[[ PROVIDED RECORDS, beginning ]]

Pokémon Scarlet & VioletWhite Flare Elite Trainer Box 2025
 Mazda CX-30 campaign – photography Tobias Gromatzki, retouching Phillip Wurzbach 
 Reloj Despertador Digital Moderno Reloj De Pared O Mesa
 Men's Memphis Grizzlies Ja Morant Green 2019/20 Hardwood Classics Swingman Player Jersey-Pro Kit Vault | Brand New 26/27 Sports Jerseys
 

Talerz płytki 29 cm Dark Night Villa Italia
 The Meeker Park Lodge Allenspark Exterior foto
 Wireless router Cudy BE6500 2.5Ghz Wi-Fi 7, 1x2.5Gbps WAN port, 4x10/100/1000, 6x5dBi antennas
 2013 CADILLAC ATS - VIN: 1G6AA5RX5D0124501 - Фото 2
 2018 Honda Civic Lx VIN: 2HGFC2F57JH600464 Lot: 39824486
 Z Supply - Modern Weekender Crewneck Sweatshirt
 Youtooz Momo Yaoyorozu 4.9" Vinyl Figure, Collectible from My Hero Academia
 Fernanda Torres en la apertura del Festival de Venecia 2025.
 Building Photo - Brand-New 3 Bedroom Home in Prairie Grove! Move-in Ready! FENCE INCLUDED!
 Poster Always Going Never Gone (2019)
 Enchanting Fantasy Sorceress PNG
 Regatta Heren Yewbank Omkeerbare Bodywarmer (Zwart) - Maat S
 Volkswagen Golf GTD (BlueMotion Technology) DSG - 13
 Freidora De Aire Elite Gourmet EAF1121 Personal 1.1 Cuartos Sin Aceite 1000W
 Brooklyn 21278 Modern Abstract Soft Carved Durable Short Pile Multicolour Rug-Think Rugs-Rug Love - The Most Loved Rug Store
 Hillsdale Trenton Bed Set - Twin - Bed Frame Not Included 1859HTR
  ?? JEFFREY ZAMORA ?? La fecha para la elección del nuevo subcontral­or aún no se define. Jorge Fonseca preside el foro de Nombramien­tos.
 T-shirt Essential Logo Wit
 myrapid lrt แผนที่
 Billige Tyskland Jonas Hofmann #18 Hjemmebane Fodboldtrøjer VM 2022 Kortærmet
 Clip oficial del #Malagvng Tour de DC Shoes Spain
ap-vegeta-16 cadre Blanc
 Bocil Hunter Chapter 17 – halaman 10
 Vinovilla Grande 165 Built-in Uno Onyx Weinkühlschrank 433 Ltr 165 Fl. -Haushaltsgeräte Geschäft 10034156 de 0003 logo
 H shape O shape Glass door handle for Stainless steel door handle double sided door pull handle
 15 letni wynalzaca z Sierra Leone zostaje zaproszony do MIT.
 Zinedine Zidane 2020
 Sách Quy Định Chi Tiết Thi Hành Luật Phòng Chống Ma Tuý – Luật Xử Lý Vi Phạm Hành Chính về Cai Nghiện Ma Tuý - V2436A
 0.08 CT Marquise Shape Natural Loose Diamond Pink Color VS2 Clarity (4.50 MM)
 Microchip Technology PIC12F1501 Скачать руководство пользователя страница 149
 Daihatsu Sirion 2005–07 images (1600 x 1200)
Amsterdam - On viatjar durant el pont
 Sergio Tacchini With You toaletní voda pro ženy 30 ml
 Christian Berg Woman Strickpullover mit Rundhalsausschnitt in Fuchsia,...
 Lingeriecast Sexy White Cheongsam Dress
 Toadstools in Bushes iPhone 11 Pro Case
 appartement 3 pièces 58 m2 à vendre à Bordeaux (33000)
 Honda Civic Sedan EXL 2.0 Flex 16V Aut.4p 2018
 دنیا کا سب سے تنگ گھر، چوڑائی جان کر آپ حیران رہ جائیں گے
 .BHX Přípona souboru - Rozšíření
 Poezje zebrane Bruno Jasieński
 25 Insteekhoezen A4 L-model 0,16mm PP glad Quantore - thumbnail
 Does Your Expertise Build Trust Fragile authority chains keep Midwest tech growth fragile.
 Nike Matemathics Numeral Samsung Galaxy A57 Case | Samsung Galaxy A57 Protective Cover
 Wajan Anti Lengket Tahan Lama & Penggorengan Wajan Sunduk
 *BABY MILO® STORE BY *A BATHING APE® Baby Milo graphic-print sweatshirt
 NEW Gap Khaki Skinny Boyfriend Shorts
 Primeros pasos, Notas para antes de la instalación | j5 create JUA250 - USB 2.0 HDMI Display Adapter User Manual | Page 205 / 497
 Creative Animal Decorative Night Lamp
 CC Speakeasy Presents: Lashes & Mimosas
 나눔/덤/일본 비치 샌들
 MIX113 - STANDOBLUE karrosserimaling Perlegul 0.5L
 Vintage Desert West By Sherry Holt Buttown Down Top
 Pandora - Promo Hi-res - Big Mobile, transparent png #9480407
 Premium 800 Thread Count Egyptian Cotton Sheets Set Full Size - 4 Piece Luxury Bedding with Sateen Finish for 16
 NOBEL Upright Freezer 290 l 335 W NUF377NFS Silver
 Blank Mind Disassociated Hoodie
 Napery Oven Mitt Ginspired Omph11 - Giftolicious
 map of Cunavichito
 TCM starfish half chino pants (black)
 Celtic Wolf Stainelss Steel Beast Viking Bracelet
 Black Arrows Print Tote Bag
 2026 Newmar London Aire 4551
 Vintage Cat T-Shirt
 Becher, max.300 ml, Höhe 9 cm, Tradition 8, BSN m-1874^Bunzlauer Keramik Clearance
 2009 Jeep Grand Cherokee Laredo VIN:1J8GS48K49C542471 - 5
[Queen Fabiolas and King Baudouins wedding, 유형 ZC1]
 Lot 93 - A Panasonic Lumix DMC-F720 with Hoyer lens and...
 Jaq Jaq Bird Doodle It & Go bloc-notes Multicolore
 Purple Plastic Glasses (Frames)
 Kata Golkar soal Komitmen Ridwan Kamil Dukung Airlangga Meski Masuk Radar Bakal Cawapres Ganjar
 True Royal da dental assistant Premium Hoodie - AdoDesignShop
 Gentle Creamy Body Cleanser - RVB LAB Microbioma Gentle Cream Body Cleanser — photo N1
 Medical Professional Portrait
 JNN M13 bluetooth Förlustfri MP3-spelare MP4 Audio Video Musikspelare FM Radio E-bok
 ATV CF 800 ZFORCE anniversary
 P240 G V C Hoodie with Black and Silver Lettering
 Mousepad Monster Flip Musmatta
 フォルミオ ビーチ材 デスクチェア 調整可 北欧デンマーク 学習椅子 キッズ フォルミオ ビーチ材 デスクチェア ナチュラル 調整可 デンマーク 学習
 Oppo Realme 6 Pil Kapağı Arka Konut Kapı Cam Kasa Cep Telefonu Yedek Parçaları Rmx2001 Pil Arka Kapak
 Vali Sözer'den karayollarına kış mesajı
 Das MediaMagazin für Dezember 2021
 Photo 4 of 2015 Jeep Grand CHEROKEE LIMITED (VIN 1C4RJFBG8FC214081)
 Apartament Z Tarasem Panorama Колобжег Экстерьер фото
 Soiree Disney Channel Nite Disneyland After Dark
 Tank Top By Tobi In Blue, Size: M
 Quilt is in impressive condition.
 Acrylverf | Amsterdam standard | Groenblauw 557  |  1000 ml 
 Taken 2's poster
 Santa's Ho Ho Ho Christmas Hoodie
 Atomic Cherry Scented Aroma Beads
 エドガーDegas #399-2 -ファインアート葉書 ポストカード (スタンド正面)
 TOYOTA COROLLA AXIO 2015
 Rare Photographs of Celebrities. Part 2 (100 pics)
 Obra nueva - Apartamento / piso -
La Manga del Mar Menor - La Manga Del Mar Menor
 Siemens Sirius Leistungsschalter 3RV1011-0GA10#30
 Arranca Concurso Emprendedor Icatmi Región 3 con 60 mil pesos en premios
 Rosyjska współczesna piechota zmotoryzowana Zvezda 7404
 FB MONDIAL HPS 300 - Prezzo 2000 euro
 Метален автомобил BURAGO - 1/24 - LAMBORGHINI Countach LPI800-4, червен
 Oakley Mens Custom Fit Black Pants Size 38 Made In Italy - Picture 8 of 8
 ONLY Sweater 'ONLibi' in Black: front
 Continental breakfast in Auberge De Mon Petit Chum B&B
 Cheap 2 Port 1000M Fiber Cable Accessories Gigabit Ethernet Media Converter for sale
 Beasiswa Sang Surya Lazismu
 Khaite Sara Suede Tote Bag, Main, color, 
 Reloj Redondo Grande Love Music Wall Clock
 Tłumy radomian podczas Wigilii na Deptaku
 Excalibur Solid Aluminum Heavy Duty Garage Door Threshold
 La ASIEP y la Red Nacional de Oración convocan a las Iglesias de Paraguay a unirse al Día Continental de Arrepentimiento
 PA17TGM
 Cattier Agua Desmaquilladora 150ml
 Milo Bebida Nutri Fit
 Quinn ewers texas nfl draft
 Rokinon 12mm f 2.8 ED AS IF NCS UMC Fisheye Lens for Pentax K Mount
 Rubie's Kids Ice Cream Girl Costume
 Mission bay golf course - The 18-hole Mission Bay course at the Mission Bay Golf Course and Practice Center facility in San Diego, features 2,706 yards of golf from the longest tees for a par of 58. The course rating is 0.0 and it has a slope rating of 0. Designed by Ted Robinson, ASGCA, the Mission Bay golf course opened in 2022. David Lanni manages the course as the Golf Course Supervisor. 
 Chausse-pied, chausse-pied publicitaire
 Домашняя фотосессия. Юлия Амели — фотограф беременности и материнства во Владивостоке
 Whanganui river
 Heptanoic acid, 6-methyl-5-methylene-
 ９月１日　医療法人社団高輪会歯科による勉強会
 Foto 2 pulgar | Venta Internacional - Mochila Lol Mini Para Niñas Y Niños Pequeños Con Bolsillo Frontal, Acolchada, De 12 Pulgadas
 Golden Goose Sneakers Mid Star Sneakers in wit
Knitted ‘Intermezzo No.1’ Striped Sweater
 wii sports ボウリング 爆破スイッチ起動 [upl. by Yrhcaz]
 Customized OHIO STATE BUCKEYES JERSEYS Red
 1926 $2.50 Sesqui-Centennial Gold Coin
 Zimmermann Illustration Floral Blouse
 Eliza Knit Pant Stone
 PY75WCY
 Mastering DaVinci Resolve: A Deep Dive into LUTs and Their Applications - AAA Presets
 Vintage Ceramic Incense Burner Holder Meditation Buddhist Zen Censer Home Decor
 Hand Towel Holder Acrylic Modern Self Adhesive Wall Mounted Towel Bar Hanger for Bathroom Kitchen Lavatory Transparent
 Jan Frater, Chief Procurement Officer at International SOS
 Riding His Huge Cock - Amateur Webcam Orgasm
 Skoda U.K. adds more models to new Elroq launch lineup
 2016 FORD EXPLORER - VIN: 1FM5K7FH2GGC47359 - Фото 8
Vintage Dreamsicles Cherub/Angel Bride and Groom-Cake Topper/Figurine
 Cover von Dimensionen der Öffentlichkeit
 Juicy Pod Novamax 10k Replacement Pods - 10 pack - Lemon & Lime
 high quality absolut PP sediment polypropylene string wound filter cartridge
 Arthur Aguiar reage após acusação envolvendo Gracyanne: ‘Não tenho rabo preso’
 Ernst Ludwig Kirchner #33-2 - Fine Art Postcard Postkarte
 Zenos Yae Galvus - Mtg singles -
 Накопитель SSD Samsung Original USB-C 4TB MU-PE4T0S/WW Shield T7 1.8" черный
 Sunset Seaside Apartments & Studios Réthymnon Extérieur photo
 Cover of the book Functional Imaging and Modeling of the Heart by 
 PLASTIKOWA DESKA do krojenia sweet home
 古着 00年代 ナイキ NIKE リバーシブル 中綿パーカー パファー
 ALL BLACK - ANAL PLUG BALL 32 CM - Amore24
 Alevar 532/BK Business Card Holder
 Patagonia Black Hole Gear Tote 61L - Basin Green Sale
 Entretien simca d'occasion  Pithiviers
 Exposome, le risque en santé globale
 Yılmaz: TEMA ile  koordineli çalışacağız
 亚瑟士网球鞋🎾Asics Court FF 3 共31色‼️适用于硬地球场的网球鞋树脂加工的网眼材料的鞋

[[ PROVIDED RECORDS, end ]]

* **EXERCISE PROMPT**
Check each line of the records above for "Dark", and copy those that have it.

* **YOUR SOLUTION**
Talerz płytki 29 cm Dark Night Villa Italia
 Soiree Disney Channel Nite Disneyland After Dark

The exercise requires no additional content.